So little to no support for such a person.

Now do not take my word do the reading's.


----------



## kirkster5 (Sep 23, 2008)

I've personally advised many on this site to get out and dont look back. As have many others. It's just that there are times when the person who wants out holds some complicity to the affair. In most cases an affair is the result of both partners not working to put the marriage first. You know little things like being loving/supportive/helpful/compasionate/complimentary etc... Don't get me wrong I dont condone affairs. Or even excuse them. I believe as an adult you say "look, I'm not getting (fill in the blank) that I need for this marriage to work. We either need to do(fill in the blank) to fix it or we need to divorce and find a better fit". Then go forth and conquere. 

If you have the affair while still married you are being selfish/hurtfull and immature whatever your reasoning. An adult should not behave in this manor. I guess what I'm saying is have some accountability for your actions and decisions. If you choose to marry you need to honor your commitments. The till death do us part thing is the ideal and if you choose to marry you owe it to the commitment to try and attain it. However, if it just aint going to work, dont behave like a hormone raging 18 old boy and go F%^&K the first thing that gives you your ego boost.

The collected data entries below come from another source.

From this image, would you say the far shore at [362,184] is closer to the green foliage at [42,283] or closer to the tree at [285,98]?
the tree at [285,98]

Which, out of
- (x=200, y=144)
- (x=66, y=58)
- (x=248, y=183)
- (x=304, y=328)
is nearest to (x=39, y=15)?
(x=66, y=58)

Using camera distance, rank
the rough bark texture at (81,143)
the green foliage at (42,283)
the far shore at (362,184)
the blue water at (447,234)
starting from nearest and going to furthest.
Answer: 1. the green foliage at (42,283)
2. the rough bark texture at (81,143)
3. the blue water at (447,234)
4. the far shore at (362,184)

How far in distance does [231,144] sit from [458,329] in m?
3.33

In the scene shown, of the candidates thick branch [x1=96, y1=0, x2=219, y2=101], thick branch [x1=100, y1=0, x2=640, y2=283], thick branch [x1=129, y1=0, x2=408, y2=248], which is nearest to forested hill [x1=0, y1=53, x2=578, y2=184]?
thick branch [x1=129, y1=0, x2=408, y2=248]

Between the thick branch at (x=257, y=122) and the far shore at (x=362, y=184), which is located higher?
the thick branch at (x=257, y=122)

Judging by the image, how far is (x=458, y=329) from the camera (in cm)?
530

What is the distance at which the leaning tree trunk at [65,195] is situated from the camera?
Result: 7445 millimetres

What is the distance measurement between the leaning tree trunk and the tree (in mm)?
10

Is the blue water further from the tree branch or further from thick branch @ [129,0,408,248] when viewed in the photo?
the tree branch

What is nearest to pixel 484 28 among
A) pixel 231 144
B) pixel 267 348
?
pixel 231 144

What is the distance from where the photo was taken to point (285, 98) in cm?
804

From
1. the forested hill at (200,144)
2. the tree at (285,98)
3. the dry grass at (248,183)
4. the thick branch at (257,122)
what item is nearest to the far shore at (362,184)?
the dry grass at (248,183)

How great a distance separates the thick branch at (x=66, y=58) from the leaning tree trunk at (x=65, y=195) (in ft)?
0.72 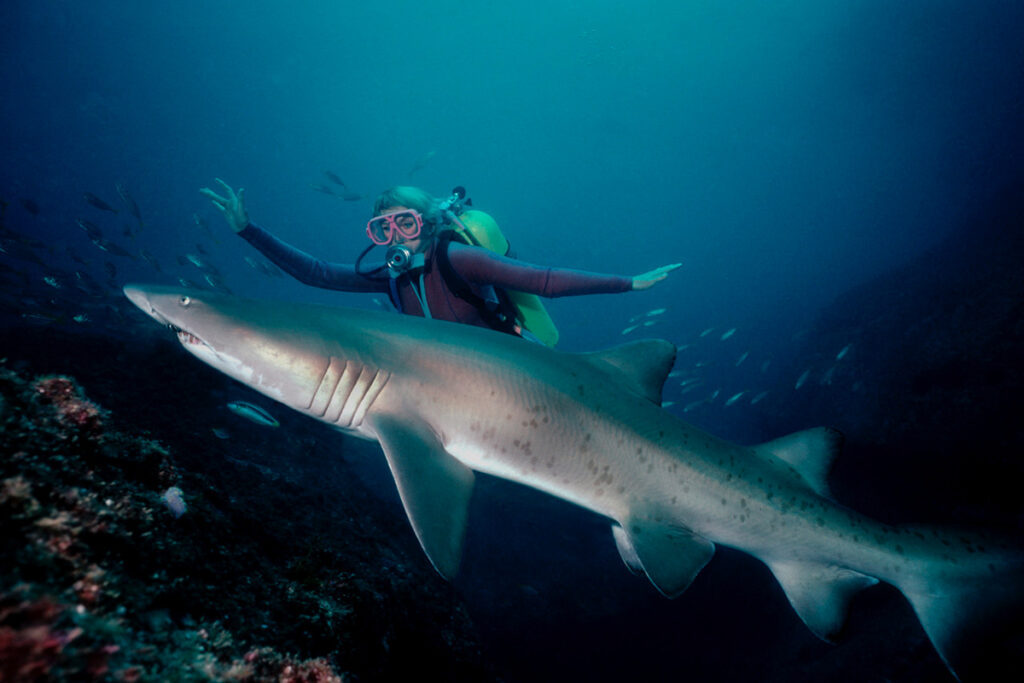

That being said you can survive and thrive in a marriage affected by an affair. Provided BOTH partners learn from their mistakes and want to make it work. Odds are long but for many it is worth it to try.


----------



## reidqa01 (Apr 26, 2009)

Do you beleive it took 26 years for this couple to find out they was not happpy. This is a tradegy.


----------



## kirkster5 (Sep 23, 2008)

I read and re-read your posted story and nowhere does it say he had not forgiven her. It also said that she brought up the past affair. Also it never says she was still in love, or ever in love with the OM. So it looks like you are taking some editorial liberties. I'd also say that it sounds like they had a pretty good run of 26 years and brought 2 children into the world together so I'm not sure where the tragedy is. If that nights fight leads to divorce I'm pretty sure it was not the 27 year old affair that brought it down. It's just not a logical leap on your part.


----------



## reidqa01 (Apr 26, 2009)

Kirk,

You are correct, there was no more affair.

She was still in love with the other Man.

He had never let go of the memories that haunted him.

They did the usual kids to stay together.

Again you have read thru the post, there was no fighting just the end of their relationship. It was quite civil not what we on the forum would have expeced.


----------